While I don’t know what the motorcycle equivalent is, I’m sure there must be one as the sickness also affects us. Virtually every rider I have ever met will profess great love and respect for their current ride, but that passion is always tempered by a desire for something bigger, newer, older, chromier, louder, quieter, red, black, or faster. In fact if we had our way and limitless funds we’d be changing bikes as often as we change our socks, or better yet we’d simply do a “Leno” and collect one or more of everything our little hearts’ desired – a custom one, a jet-propelled one, a V-8 powered one, a three-wheeled yellow one.....
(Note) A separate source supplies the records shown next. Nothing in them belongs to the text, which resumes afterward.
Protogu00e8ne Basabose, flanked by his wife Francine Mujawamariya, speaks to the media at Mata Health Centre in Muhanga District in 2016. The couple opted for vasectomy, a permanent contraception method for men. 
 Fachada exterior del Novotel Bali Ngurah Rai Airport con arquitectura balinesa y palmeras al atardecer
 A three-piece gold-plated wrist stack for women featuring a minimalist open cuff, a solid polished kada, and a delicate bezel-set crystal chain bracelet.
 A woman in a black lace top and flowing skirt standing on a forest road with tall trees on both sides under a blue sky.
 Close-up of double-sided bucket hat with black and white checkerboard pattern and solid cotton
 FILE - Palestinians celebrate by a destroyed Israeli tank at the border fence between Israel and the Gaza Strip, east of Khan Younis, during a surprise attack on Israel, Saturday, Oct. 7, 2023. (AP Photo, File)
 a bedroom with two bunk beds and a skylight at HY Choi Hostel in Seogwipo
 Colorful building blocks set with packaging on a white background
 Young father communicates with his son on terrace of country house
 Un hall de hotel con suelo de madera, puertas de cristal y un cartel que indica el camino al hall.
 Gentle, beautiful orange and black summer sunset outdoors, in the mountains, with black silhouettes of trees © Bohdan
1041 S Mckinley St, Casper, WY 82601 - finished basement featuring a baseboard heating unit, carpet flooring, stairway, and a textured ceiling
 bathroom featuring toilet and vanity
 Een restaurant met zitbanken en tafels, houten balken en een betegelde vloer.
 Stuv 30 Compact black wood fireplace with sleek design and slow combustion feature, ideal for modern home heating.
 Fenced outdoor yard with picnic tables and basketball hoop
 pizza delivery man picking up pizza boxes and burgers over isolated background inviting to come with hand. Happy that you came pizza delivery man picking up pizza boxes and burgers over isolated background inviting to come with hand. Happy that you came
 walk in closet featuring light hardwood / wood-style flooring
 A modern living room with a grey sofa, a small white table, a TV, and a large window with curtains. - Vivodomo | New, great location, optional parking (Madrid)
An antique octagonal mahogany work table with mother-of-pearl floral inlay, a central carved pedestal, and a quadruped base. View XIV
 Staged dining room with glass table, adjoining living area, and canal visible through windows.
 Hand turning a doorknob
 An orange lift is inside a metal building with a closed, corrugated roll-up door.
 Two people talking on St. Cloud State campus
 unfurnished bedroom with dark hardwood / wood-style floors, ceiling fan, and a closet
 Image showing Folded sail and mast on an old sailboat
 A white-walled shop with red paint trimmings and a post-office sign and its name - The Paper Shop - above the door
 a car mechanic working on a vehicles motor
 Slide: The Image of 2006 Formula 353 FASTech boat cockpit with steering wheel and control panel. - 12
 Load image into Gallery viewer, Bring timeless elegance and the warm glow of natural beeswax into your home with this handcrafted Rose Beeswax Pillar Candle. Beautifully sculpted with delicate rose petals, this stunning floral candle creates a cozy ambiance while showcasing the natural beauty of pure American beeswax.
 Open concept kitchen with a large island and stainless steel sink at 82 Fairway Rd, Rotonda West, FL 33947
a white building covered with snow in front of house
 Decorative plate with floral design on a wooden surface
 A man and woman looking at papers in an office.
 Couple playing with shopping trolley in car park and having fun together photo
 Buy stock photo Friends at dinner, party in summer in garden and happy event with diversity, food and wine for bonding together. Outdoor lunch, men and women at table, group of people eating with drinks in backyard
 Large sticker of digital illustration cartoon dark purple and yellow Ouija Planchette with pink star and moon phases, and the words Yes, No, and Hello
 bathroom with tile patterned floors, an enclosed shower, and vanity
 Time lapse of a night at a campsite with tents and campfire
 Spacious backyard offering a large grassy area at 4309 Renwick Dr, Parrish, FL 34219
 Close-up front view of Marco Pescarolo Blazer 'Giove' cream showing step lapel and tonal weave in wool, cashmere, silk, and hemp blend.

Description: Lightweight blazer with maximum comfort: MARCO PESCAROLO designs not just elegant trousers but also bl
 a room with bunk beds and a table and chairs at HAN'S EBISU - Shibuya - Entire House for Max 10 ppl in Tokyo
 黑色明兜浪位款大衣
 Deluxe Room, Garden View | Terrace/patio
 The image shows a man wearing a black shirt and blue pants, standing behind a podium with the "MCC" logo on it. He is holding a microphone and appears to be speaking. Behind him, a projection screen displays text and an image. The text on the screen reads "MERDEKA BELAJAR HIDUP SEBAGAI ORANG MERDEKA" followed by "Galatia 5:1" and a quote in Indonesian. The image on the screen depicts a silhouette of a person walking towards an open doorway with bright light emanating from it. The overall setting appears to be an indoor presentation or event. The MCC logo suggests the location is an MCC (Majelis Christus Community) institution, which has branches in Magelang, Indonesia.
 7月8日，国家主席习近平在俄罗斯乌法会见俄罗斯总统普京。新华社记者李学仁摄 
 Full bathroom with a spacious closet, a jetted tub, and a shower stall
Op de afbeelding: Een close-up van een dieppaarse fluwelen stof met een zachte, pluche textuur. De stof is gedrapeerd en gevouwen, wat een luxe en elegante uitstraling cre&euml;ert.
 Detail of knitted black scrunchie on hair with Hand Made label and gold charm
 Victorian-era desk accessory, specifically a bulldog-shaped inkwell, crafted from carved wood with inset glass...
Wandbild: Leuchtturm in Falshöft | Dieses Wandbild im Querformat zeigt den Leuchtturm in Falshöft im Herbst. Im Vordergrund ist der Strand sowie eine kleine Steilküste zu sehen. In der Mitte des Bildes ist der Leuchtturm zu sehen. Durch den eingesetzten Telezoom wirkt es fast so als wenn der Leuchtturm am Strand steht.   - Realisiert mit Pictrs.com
But there, protecting us from our own baser instincts, are the spousal unit, the banker (often one and the same), the kids and the mortgage, so we dream away hoping for that lottery win or pay raise that would enable us to indulge our little fantasies. And what makes it all bearable is the sure knowledge that every other rider of our acquaintance is in the same boat – or at least we thought they were.
Which brings me to the point of this story. The brother, a proud (and I thought happy) owner of a 2000 Road King, just announced he’s traded up to a brand new ’08 model.
This is a very strange occurrence because I haven’t heard of any relatives dying recently, and even if they did, none of them have any money to leave behind. Or perhaps the lottery finally paid out, although I haven’t seen his picture in the paper recently holding a big check. I also know for a fact that his wife has not been on an extended vacation in Basutoland so this must have been done with some prior knowledge and acceptance but, like all good Presbyterians, her arms are just slightly shorter than the depths of her pockets so this was not likely a birthday present (besides his birthday is in April).
Perhaps it was the old mid-life crisis line – “Well dear, the way I see it I can either get a new bike or a mistress. What do you think?” Naw, probably not. Didn't work for me either.
Regardless, however he managed such a stunning coup I can only look on in envy and say, “Well done. When can I take it for a ride?”